Heman knows how we feel! I for one am glad the Lord has given us the psalm to help us ask and wrestle with these questions in faith.

Instead of rescue Heman says, “your wrath lies heavy upon me, and you overwhelm me, with all your waves” (v.7).

Again he laments “Your wrath has swept over me; your dread assaults destroy me” (v.16).

What vivid imagery and it doesn’t end here either. God seems to be the problem for Heman. He says “YOU have caused my companions to shun me” (v.8a) and again in v.18 “YOU have taken my companions and loved ones from me; the darkness is my closest friend” (NIV).

Even life’s worst has to do with God, therefore Heman calls to God “out of the depths” of darkness and loneliness. It is a very realistic and haunting picture of one of God’s children suffering in this world of woe.

PSALM 88 AND THE CROSS

Many people have been troubled down through the years by Psalm 88. It is not the rosy picture they hope for. Many are not accustomed to hearing such honest and agonizing prayers “in church.” We usually eschew such grittiness. It is this lack of honestly with ourselves and with God that usually creates the problems in our faith to begin with.

One observer noted, “Psalm 88 is an embarrassment to conventional faith.” This is so because conventional faith is usually cold and lifeless and not connected to the realities of the world. Platitudes are the rule. This same observer then makes this comment, “Psalm 88 makes sense only in the light of Golgotha . . . Psalm 88 shows us what the cross is about: faithfulness in scenes of complete abandonment.

He is correct. Such suffering, such darkness of the soul, such abandonment can makes sense in the shadow of the Crucified One.

I want to make this as concrete as I possibly can. How does Psalm 88 relate to such scenes of abandonment as Auschwitz, a horror my mind has difficulty grasping! Or 9-11?

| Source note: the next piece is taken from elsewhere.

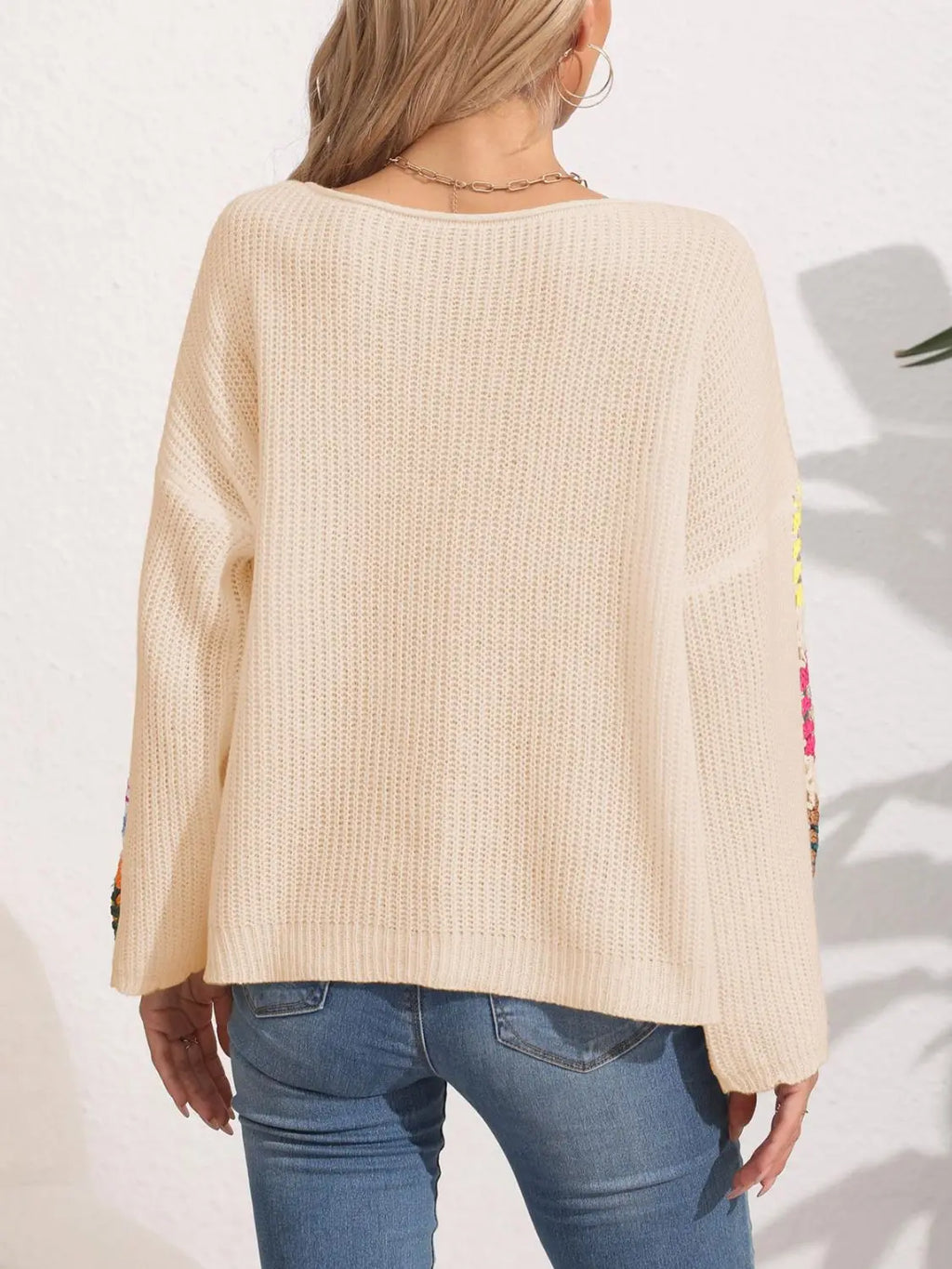 Crochet Flower Long Sleeve Sweater - Beautifeye Boutique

Elie Wiesel, one of my favorite authors, describes the depravity that confronted him that night he arrived at the Death Camp at the tender age of 15:

Never shall I forget that night, the first night in the camp, which has turned my life into one long night, seven times cursed and seven times sealed. Never shall I forget that smoke. Never shall I forget the little faces of children, whose bodies I saw turned into wreaths of smoke beneath a silent blue sky. NEVER SHALL I FORGET THOSE FLAMES WHICH CONSUMED MY FAITH. Never shall I forget that nocturnal silence which deprived me, for all eternity, of the desire to live. Never shall I forget those moments WHICH MURDERED MY GOD AND MY SOUL and turned my dreams into dust. Never shall I forget these things, even if I am condemned to live as long as God himself. Never.” (Night, p. 32).

Wiesel’s pit was, like Heman’s, full of Darkness. He uses the image of night powerfully all through his book to capture the absence of God and the absence of civility. It is gripping and moving. Where was God? In the face of such outrage? Why must there be a “Dark Night of the Soul? Why?

Later in his book, Wiesel describes the hanging of a young boy who had the “face of a sad little angel.” Even the hardened SS was hesitant to hang the boy in front of several thousand folks. The officer in charge refused to give the order, so three other SS troops replaced him for the execution. Two others were to be hanged and they were screaming — but the little boy remained silent.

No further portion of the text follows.